-- Aim of the exercise --
Only the lines from the top of the data through the line containing "dry sockets in teeth" should be duplicated, exactly as they appear.

-- Given records --
==*==

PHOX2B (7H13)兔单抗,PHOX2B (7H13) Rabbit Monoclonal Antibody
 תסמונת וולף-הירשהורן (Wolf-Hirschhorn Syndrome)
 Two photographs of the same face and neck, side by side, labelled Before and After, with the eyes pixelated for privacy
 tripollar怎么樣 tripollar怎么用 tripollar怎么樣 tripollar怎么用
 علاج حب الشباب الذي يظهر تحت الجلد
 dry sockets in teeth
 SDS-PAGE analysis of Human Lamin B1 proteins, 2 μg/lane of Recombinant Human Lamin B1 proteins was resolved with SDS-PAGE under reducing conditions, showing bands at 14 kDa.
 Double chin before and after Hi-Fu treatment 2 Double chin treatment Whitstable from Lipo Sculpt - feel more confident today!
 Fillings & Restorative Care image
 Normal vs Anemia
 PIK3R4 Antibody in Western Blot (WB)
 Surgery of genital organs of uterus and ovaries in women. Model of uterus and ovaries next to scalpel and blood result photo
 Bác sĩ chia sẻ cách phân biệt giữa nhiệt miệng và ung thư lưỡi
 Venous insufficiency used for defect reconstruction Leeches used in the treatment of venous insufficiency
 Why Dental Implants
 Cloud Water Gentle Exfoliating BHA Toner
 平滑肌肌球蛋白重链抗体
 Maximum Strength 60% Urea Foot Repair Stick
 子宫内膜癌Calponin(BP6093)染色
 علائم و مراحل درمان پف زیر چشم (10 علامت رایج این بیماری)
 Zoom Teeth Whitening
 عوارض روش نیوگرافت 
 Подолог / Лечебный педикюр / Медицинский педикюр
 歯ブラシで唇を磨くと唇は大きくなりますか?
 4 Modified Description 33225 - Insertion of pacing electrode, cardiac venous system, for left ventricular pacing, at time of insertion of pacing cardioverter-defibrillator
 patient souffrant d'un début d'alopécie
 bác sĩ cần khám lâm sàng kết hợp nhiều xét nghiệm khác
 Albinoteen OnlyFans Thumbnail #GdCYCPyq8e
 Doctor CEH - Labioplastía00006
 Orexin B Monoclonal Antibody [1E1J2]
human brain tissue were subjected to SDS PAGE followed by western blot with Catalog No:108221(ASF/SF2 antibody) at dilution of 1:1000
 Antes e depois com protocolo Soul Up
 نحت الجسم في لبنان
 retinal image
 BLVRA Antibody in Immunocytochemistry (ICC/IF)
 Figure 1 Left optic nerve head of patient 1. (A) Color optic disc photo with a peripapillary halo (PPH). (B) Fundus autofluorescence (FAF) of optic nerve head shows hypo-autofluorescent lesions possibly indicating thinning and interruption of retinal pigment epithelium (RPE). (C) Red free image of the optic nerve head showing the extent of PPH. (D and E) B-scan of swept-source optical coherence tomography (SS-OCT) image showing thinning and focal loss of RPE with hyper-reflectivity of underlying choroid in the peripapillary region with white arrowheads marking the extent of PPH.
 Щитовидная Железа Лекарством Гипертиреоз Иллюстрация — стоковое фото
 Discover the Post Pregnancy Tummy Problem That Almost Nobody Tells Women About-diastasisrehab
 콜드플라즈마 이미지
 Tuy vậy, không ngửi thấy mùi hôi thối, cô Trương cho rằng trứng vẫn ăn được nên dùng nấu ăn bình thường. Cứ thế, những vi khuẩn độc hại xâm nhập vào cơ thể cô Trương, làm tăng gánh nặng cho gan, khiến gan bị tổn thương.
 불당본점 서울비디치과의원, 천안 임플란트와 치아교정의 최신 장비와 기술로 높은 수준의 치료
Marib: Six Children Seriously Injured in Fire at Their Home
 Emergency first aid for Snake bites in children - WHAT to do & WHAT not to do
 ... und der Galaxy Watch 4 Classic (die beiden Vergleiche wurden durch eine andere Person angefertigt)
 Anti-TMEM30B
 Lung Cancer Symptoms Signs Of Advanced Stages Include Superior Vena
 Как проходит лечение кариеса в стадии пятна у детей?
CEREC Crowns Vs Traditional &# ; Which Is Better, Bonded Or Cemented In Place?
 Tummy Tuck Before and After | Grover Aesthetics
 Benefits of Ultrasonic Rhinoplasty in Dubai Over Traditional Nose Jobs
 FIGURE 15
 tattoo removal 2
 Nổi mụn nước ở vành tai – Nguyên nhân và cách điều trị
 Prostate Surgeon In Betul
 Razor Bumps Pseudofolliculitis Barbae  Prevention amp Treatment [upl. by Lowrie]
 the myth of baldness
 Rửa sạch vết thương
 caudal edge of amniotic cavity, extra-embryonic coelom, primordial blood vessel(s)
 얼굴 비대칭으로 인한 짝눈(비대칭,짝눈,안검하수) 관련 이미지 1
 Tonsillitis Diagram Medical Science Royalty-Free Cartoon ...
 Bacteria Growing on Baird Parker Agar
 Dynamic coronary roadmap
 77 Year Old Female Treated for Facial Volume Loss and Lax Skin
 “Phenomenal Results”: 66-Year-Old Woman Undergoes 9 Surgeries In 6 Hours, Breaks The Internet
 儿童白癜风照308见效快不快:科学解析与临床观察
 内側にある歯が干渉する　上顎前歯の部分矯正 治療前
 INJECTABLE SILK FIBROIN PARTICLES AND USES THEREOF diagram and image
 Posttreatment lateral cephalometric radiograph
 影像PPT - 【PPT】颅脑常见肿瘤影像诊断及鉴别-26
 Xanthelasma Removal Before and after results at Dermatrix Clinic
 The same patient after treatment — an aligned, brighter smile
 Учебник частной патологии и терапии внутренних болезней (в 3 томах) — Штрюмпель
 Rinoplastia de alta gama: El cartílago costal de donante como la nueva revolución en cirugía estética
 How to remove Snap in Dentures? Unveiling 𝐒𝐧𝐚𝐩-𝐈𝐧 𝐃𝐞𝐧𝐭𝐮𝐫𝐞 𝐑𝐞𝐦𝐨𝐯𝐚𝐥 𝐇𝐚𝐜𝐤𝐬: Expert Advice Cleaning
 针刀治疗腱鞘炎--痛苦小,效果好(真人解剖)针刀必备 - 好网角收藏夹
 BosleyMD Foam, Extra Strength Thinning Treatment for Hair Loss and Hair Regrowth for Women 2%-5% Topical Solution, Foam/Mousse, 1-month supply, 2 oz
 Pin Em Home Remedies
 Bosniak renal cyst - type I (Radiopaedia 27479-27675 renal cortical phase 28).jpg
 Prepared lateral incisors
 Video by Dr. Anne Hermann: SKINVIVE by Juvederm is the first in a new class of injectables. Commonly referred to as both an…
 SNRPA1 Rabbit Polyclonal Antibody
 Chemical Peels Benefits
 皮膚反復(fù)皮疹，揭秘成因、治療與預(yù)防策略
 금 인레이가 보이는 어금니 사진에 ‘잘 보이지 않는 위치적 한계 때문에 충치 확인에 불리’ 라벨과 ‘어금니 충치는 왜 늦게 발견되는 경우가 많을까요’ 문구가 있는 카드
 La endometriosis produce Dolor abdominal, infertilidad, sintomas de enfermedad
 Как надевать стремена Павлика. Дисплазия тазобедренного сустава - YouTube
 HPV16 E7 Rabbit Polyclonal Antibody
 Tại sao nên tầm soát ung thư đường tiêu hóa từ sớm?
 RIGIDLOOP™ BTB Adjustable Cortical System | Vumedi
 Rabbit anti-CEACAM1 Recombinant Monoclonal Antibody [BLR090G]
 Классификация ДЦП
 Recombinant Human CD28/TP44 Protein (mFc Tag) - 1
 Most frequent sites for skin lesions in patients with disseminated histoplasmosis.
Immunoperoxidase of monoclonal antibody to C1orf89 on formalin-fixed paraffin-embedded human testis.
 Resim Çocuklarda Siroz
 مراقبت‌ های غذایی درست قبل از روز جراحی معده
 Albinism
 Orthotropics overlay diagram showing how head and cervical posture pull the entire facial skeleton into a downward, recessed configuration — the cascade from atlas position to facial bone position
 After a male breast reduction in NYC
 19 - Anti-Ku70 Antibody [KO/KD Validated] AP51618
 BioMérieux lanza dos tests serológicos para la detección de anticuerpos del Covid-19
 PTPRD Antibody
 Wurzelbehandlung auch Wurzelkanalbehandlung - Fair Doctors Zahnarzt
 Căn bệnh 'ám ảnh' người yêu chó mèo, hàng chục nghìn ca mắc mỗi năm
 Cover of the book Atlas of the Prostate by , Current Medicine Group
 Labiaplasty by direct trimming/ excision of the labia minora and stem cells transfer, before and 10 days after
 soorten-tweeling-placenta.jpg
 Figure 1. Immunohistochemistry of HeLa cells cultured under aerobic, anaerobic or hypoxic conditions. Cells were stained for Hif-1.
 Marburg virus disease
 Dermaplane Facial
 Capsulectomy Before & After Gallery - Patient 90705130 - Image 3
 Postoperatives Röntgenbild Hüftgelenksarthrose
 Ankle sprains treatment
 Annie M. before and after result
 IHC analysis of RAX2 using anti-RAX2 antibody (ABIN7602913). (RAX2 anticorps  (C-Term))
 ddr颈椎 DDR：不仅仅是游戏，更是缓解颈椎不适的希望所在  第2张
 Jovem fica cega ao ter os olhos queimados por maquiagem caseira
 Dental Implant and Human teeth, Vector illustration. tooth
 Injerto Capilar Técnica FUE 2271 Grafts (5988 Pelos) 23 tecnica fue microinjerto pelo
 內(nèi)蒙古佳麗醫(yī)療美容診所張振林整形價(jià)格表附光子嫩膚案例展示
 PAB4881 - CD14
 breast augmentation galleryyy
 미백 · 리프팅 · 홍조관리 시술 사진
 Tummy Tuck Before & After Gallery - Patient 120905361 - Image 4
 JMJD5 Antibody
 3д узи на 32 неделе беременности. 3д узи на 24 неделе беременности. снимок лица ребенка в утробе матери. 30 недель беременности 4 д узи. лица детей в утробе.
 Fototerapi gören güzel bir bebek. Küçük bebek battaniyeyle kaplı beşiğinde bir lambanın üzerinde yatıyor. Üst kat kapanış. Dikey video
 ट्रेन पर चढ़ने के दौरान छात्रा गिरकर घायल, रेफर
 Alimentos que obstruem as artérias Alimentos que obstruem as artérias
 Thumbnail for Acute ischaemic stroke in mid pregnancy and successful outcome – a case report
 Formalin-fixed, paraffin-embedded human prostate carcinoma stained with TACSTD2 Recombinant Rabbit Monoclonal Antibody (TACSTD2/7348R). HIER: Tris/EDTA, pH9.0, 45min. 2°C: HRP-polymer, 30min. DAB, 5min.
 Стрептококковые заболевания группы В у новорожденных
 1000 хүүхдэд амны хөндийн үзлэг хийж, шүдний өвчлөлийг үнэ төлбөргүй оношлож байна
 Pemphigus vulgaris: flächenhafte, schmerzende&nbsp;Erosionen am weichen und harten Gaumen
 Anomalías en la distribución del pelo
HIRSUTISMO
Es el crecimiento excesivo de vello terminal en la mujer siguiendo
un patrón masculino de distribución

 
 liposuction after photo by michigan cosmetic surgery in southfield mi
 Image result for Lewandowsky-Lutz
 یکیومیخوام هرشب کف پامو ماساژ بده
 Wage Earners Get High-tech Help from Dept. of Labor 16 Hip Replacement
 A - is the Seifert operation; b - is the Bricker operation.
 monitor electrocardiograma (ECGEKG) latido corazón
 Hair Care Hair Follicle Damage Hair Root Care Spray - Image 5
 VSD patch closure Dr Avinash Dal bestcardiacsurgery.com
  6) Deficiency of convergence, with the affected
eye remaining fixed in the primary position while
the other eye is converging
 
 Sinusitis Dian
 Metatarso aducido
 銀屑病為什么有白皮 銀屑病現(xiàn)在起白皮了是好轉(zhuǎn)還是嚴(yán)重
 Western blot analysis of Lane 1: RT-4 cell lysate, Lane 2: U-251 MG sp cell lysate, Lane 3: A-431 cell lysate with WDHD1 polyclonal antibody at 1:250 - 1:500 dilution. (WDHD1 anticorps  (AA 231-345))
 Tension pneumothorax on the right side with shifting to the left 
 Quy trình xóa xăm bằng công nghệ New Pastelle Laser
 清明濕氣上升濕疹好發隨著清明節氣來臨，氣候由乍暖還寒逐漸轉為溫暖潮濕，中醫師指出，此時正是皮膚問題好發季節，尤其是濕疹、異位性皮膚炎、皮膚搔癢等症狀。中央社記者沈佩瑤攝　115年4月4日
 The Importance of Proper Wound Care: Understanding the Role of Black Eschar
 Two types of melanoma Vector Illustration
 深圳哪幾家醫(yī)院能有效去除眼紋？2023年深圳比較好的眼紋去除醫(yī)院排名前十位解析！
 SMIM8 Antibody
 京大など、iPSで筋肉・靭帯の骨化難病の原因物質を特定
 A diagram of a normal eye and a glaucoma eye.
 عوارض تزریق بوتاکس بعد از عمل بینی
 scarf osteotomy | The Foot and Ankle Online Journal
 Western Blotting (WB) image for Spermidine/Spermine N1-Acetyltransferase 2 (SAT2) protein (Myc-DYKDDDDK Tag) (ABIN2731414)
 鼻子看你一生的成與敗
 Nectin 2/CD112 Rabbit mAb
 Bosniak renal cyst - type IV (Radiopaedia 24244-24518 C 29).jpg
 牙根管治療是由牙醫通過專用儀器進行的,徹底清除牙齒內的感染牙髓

==*==

-- Result for this task --
PHOX2B (7H13)兔单抗,PHOX2B (7H13) Rabbit Monoclonal Antibody
 תסמונת וולף-הירשהורן (Wolf-Hirschhorn Syndrome)
 Two photographs of the same face and neck, side by side, labelled Before and After, with the eyes pixelated for privacy
 tripollar怎么樣 tripollar怎么用 tripollar怎么樣 tripollar怎么用
 علاج حب الشباب الذي يظهر تحت الجلد
 dry sockets in teeth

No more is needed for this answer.